Tuesday, August 28, 2007

Jim Gray et. al. on disks and scan times

Here are a couple of highlights Jim Gray and Prashant Shenoy's 1999 paper "Rules of Thumb in Data Engineering", with approximate updates for 2007.

Two key parameters for disk storage are
  • Price: 1994: $42K/TB. Predicted for 2004: $1K/TB. Seagate currently offers a 500GB drive which can be had for $180, or $0.36K/TB. This isn't the bleeding edge. Seagate is announcing a 1TB drive, and I haven't done anything like a thorough search across all manufacturers.
  • Scan time (time required to read every byte on a disk or other medium): Disks have been getting faster, but they've been getting bigger faster than they've been getting faster. In 1999 a typical 70GB drive with a transfer rate of 25MB/s would scan in about 45 minutes. The paper predicts 500GB, 75MB/s and 2 hours for 2004. The Seagate 500GB drive can sustain 72MB/s.
The price trend is just Moore's law. The main lesson, as with most hardware, is don't buy any more than you have to. It'll be cheaper tomorrow.

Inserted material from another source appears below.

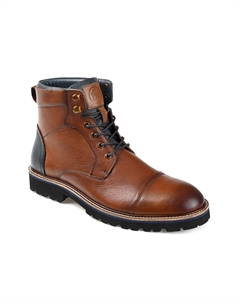 Ботинки Reddick, темно-коричневый Thomas & vine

Increasing scan time has more subtle but crucial effects. We're used to thinking of disks as random-access devices (at least in comparison to, say, tapes). That's why we use them for virtual memory. But they're actually becoming more like tapes and less like RAM. Random access on a disk takes seek time and rotation time. Sequential access just takes transfer time. Seek time and rotation time are becoming more and more expensive relative to transfer.

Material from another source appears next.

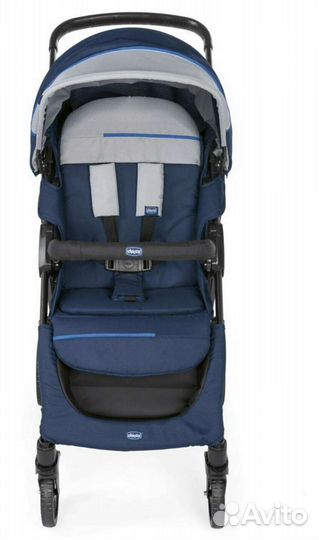 Прогулочная коляска Chicco Kwik новая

This has a whole host of implications. Some that Gray and Shenoy mention:
  • Mirroring makes more sense for RAID performance than parity. With mirrors you can spread read accesses out across multiple copies, clawing back some of the lost random access performance.
  • Mirroring also makes more sense for backup. Gray and Shenoy look at tape backup and conclude that tape storage will soon (i.e., now) be purely archival. It just takes too long to scan through all the data on tape. They don't look at CD/DVD, but 500GB of disk is about 60 dual layer DVDs (neglecting compression). Better just to keep multiple copies online.
  • Log-structured file systems will make more and more sense for general use (and were already prevalent in high-performance database systems in 1999). This dovetails with the "change by adding" viewpoint of wikis, version control systems and such.
These effects are more visible behind the scenes than on the web at large. When we factor in CPU and network performance, the results are more directly visible. I'll get to that ...

1 comment:

David Hull said...

Note to self: did I get to that?